Senators push to preempt states from GMO labeling

Senators seek to preempt states from GMO laws

A laundry-list of agricultural groups, including the Food Marketing Institute, American Farm Bureau, and the Biotechnology Innovation Organization are in support of a GMO labeling bill introduced by Senate Agriculture Committee Chairman Pat Roberts, R-Kan, and Sen.

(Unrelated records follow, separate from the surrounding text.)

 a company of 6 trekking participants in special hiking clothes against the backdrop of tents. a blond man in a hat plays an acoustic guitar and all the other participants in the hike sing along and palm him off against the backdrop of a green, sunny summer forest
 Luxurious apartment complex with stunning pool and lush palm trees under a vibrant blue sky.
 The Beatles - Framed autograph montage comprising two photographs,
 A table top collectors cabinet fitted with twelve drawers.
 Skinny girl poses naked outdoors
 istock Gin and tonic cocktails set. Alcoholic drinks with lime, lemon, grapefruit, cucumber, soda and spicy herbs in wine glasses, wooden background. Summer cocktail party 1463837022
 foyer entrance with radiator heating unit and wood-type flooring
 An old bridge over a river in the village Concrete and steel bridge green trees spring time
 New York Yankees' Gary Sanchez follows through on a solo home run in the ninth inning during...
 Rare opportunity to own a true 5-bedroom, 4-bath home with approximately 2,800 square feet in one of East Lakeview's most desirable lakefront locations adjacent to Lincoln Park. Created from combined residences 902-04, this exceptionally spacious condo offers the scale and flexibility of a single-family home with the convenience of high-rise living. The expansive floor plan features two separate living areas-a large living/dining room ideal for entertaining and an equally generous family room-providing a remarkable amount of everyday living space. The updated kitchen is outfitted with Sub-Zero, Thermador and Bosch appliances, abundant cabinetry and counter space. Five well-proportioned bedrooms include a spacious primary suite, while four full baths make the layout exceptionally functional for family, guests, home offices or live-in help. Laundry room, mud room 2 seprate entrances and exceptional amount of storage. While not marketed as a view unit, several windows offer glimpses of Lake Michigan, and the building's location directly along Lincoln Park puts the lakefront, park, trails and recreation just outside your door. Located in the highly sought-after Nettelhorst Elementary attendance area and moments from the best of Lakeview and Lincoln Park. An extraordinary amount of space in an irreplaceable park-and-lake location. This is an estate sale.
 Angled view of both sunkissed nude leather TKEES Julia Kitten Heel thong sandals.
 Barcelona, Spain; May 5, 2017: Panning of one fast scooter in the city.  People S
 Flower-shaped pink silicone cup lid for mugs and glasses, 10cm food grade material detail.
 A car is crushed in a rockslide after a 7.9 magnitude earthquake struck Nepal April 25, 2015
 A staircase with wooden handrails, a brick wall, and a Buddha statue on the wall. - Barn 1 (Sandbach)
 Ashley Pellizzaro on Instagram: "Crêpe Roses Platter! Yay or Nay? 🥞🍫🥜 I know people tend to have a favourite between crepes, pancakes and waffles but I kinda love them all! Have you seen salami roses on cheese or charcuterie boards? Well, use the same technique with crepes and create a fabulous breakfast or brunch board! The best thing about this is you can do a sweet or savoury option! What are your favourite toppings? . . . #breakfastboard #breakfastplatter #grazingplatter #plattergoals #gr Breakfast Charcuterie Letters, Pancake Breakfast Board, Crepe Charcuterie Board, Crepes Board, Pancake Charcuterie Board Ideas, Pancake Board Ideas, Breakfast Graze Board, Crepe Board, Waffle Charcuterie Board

Debbie Stabenow, D-Mich.

The move is in opposition to a Vermont GMO labeling law that went into effect July 1, but may not be enforced until 2017, according to the Center for Food Integrity, a not-for-profit organization whose members and partners represent farmers, ranchers, food companies, universities, restaurants, retailers, food processors and non-governmental organizations.

Politico reports that the proposed bill is being heavily lobbied for even as Vermont’s law goes into effect, because of the fear that other states could implement their own laws and create an unmanageable patchwork of onerous restrictions.

Meanwhile, Mother Jones is reporting that former presidential candidate Bernie Sanders says he will do what he can to stop the measure.

The food retail industry and the American Farm Bureau each came out in support of the Roberts-Stabenow agreement.

In short, the bill would immediately prohibit states or other entities from mandating labels of food or seed that is genetically engineered. It would also establish through rulemaking a uniform national disclosure standard for human food that is or may be bio-engineered, according to Sen. Roberts’ website.

Text of the bill can be found here.

In a statement, the Food Marketing Institute (FMI) said it “commends the bipartisan Roberts-Stabenow agreement on biotechnology labeling and hopes that all senators will vote in favor of the compromise. A national standard for GMO labeling is essential if we are to avoid the economic costs incurred by a patchwork of differing state laws.”

“The bill is far from perfect, but it correctly puts the federal government in the driver's seat in important areas such as protecting interstate commerce and new crop development techniques,” said American Farm Bureau President Zippy Duvall. “There is no public health or scientific justification for the bill's mandatory disclosure provisions, but the national uniformity established by this bill is paramount.”